Dubai: Kidney disease is a silent killer, similar to heart disease, and people should catch it earlier as the financial and emotional cost will not be as high, an internal specialist has advised.

“The kidneys are designed to take a lot of load, so about 20 per cent of the patients will not have any symptoms initially,” said Dr Babu Shersad, internal medicine specialist, and medical director of Amsa Renal Care at the Dubai Health Care City.

He advises a general check-up every year and a simple blood test for those over 40 years of age. “If you are overweight, that will add stress on your kidneys,” he said.

The tests recommended are: complete blood count; urea test, creatinine level and GFR. The first may detect abnormal calcium levels in the blood which is a sign of kidney problems.

The urine analysis may detect increased levels of protein and blood cells and that indicates early signs of kidney disease.

Creatinine is a waste product that kidneys filter out. Increased levels may again indicate a kidney disorder.

Glomerular filtration rate or GFR test shows how well the kidneys are working. It estimates how much blood passes through the glomeruli each minute. Glomeruli are the tiny filters in the kidneys that filter waste from the blood.

The specialist advises against eating junk food regularly or drinking fizzy drinks as they are high in salt and sugar.
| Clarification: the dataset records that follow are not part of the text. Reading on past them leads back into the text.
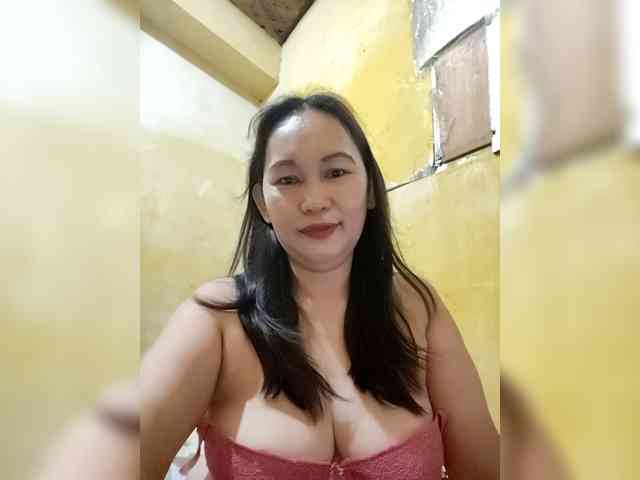 SweetMonlight webcam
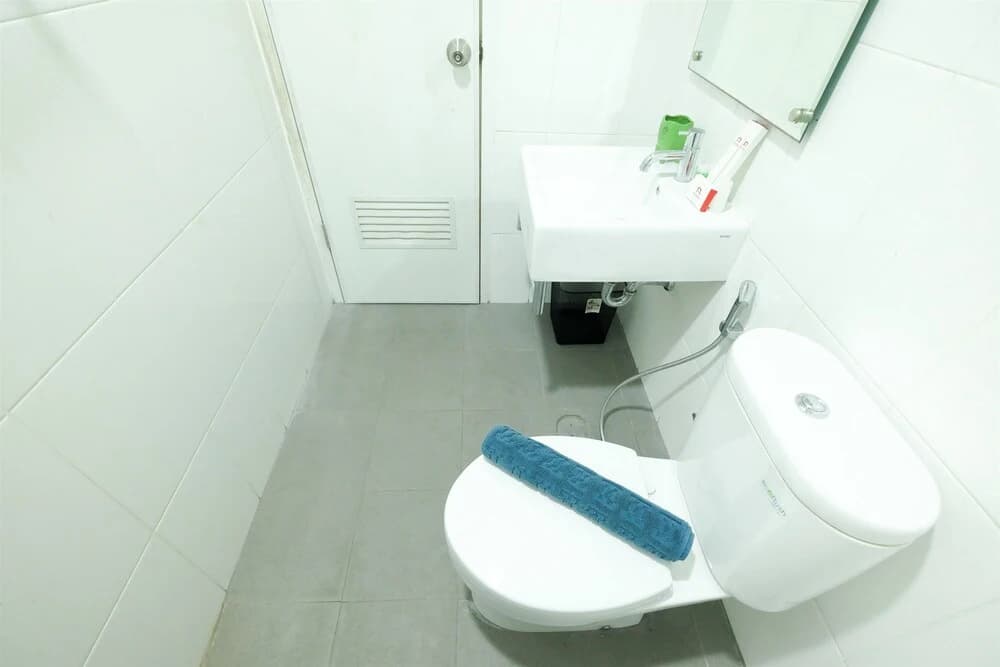 Homey Westmark Tanjung Duren Apartment near Taman Anggrek - photo 7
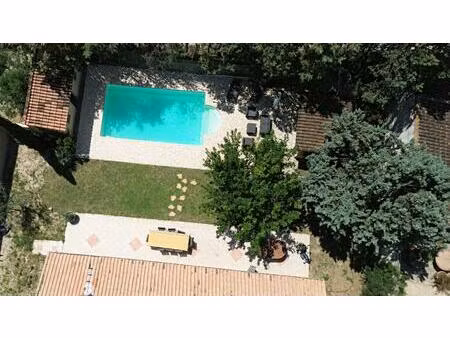 bedarrides: un air de vacances pour cette villa confortable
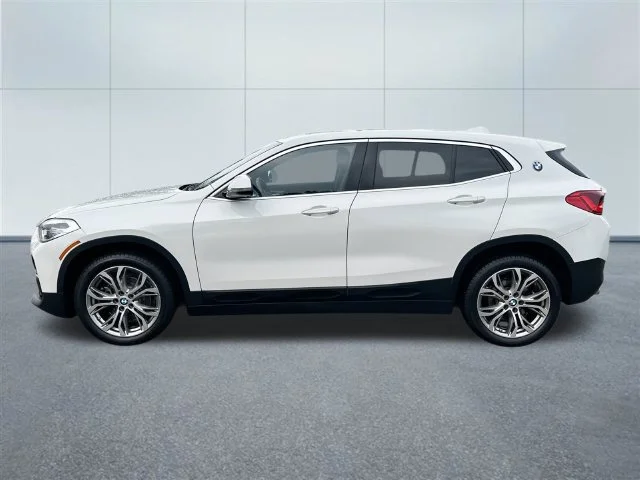 Used 2019 Alpine White BMW sDrive28i image 8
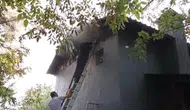 Bolu'da 2 katlı evin çatısında yangın çıktı : Mahalleli seferber oldu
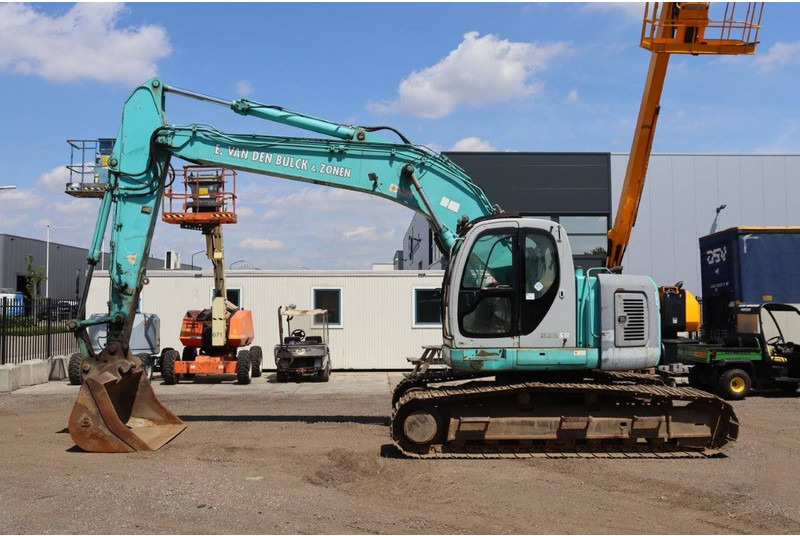 Kobelco SK235SR - Paletli ekskavatör: fotoğraf 2 Kobelco SK235SR - Paletli ekskavatör: fotoğraf 2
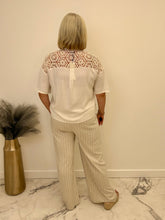 Load image into Gallery viewer, Shannon top - 3 Colours, 2 Sizes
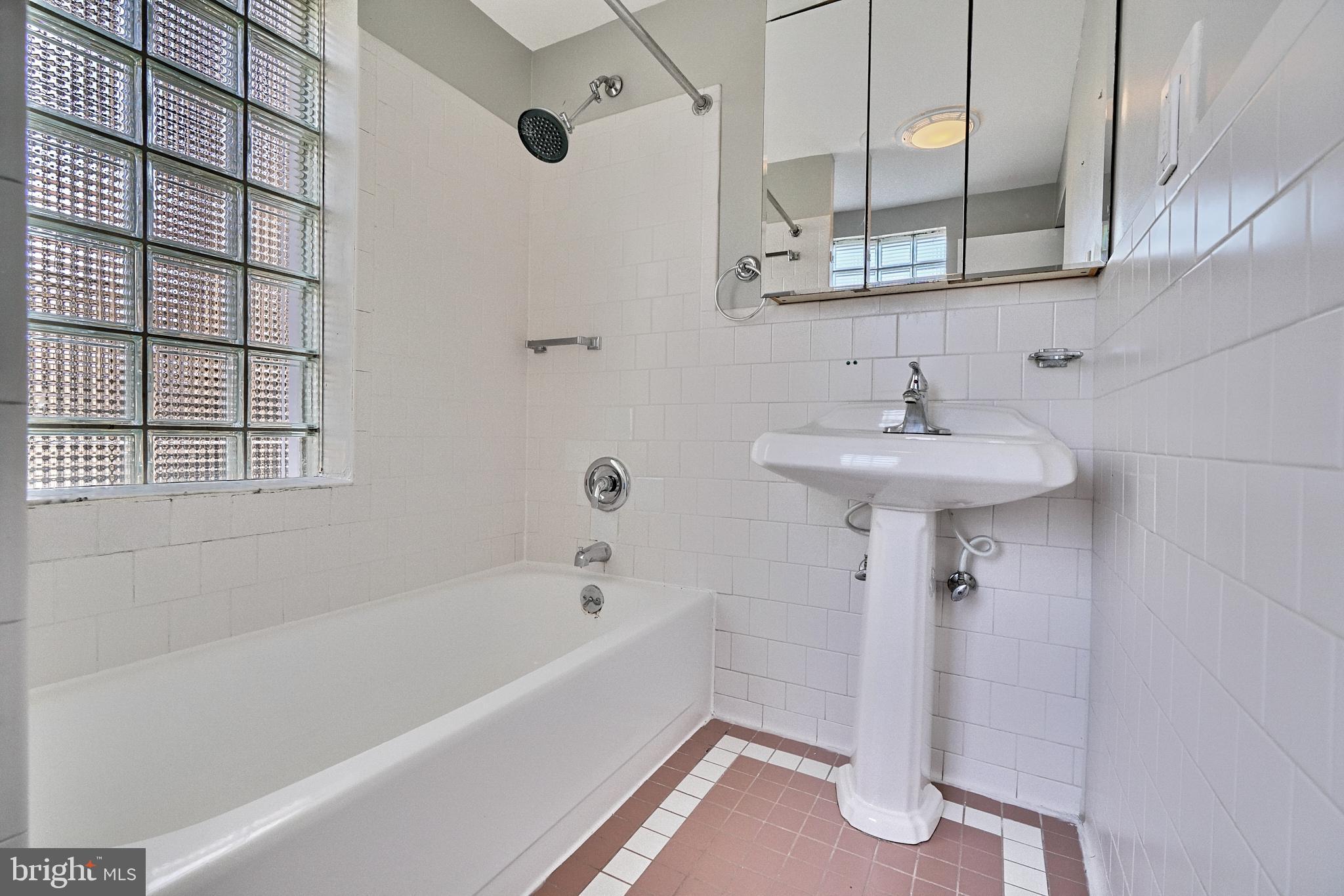 FEDERAL HILL HISTORIC DISTRICT - Residential Lease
A heavy salt intake will shoot up the blood pressure and that will impact on the kidneys. The recommended daily intake of salt today is two or three grams, the doctor said.

The specialist said people working in the air-conditioned atmosphere do not drink enough water and dehydrate without knowing it, and that also affects the kidneys.

“People here drink 40 per cent less water than in other parts of the world and the body’s toxicity goes up,” said Partha Banerjee, CEO of Amsa, a stand-alone dialysis unit.

“Check for puffy eyes, swollen ankles, breathlessness and high BP,” he said. There are 12,000 patients in the UAE that need dialysis, he said.